[Assigned task] Wherever the word "image" occurs in the listing, copy the whole line.
______
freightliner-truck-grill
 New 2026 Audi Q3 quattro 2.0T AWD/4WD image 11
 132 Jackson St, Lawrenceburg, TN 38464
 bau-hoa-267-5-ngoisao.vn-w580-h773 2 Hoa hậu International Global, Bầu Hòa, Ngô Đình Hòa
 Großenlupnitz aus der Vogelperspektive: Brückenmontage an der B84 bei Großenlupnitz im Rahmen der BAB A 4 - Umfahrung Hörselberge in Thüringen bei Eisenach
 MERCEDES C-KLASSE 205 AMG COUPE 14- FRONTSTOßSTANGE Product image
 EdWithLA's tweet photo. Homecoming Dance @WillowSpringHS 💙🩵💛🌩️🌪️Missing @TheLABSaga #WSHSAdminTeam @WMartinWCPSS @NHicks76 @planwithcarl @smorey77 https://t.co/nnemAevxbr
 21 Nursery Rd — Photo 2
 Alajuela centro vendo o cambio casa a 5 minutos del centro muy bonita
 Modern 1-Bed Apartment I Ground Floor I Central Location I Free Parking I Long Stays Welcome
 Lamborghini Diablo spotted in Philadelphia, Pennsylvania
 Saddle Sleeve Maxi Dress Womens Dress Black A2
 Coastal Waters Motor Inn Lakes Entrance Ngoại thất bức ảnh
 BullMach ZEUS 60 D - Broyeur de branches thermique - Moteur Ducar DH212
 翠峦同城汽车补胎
______
[Written answer]
 New 2026 Audi Q3 quattro 2.0T AWD/4WD image 11
 MERCEDES C-KLASSE 205 AMG COUPE 14- FRONTSTOßSTANGE Product image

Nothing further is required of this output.